The disorder stems from a hormone imbalance. All women make small amounts of male hormones, known as androgens, but women with PCOS make even more.
While PCOS has a number of potential complications, it’s a condition that many patients can manage, thanks to medication and lifestyle changes.
What are the symptoms?
Health care providers look for three characteristic features to diagnose PCOS: no ovulation, which will result in irregular or no menstrual periods; high androgen levels, which can result in excess hair on the face or body; and cysts (fluid-filled sacs) on one or both ovaries.
If your medical history suggests that you might have PCOS, your provider will rule out other conditions that may cause similar symptoms.
What causes PCOS?
The exact causes of PCOS aren’t known at this time.

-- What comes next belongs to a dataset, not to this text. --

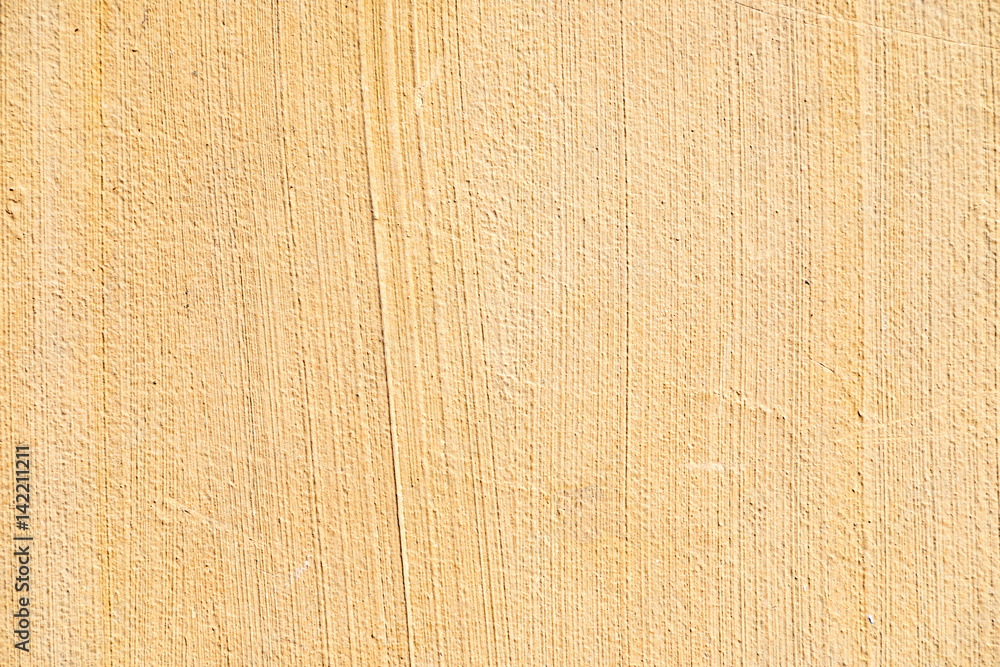 Obraz premium pattern of orange wall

High levels of androgens, or male sex hormones, play an important part. Excess weight and family history—which which play a part in insulin resistance—can also contribute to PCOS. Insulin is a hormone that helps us regulate our blood sugar.
How is it diagnosed?
If you or someone you know has one or more PCOS symptoms, make sure to see a health care provider. Many women with PCOS are never diagnosed.
“They just assume that this is normal,” said Lisa Halvorson, M.D. “I suspect that many with PCOS never receive a diagnosis.”

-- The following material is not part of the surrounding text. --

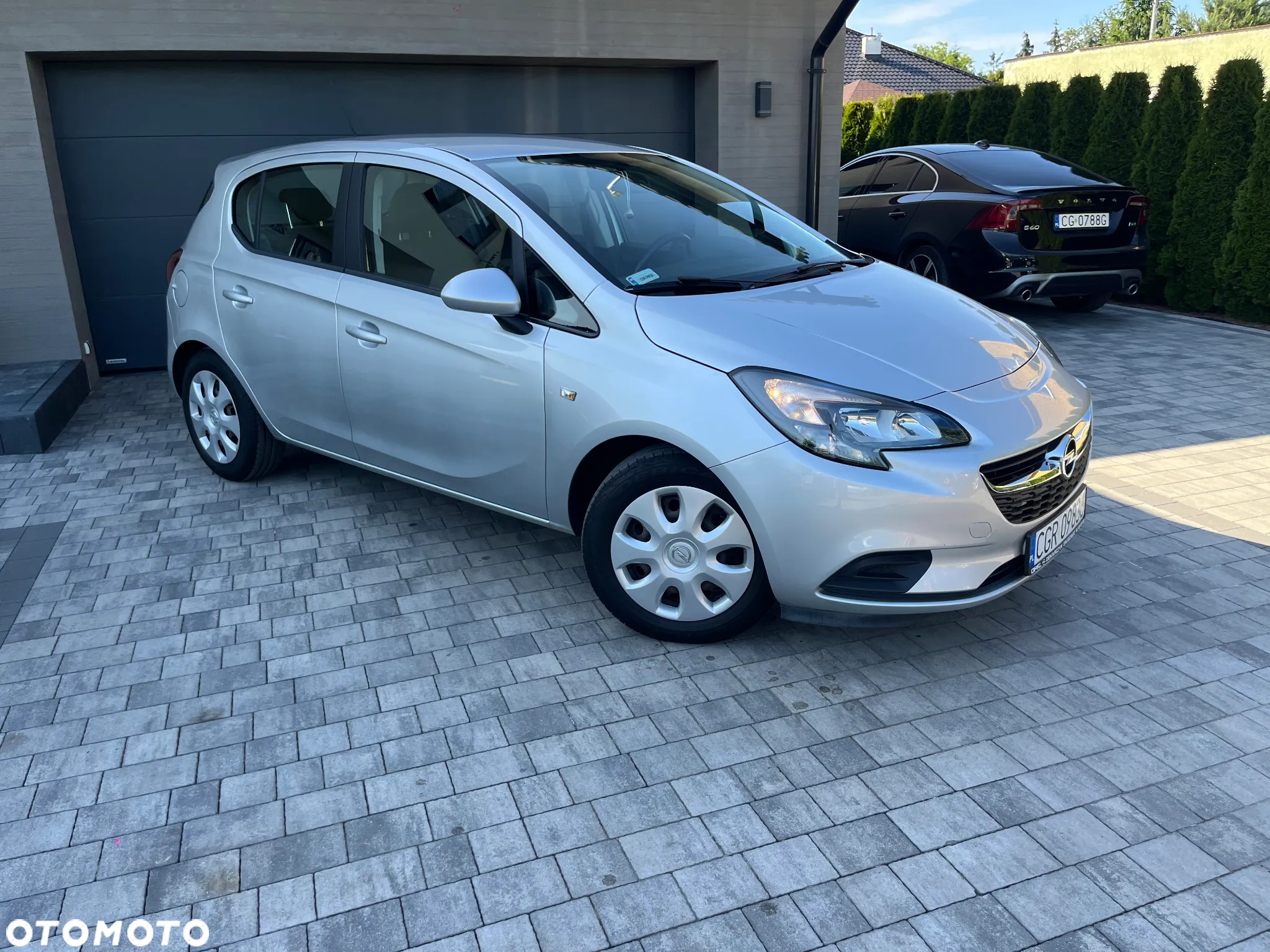 Opel Corsa 1.4 Enjoy - 5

Dr. Halvorson is the chief of the Gynecological Health and Disease Branch of the Division of Extramural Research at the Eunice Kennedy Shriver National Institute of Child Health and Human Development, a division of NIH.

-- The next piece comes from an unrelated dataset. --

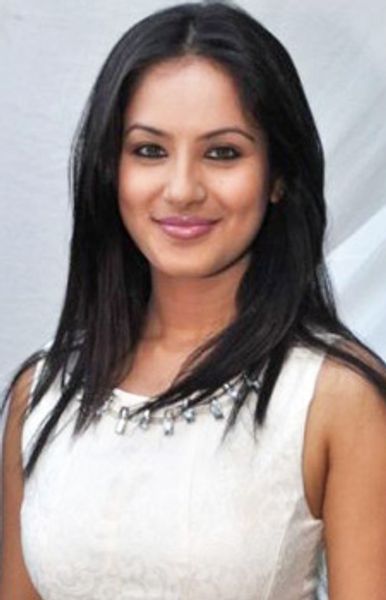Puja Banerjee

To diagnose PCOS, your health care provider may do a physical exam, pelvic exam, blood tests, and an ultrasound.
When is it diagnosed?
Most of the time, PCOS is diagnosed in women in their 20s or 30s. However, it can also affect teenage girls. Symptoms often begin when a girl's period starts.
Women and girls with this disorder often have a mother or sister who has similar symptoms. Researchers are trying to better understand the genetic link.
What are some complications from the disorder?
Many women with PCOS experience trouble getting pregnant since they may not ovulate, or produce eggs. Working with a health care provider, making lifestyle changes, and taking medication can often help patients get pregnant.
Women with PCOS also have an increased risk for sleep apnea, metabolic syndrome, type 2 diabetes, obesity, heart disease and high blood pressure, and endometrial cancer.
How is PCOS treated?
There is currently no cure for PCOS, but there are ways to manage its symptoms.
For women experiencing infertility who may also be overweight, healthy lifestyle changes can help. Those include a low-carbohydrate diet and regular exercise. A low-carb diet usually focuses on protein, like meat, poultry, fish, and eggs, and some non-starchy vegetables.
“The best thing that they can do is lose weight,” said Dr. Halvorson. “If they lose weight—and not necessarily a huge amount, as little as 10 to 20 pounds—they may start ovulating again, will regularize their menstrual cycles, and may get pregnant.”In addition to lifestyle changes, medication can help some PCOS patients.
For infertility, there are oral medicines that encourage ovulation. Providers may also prescribe medicine traditionally used for type 2 diabetes, to help with ovulation and treat the risk of diabetes.
Other medicines include pills and creams to treat excess hair growth, and birth control pills or anti-androgen pills to help to decrease androgen production. An added bonus: Birth control pills also help protect against endometrial cancer.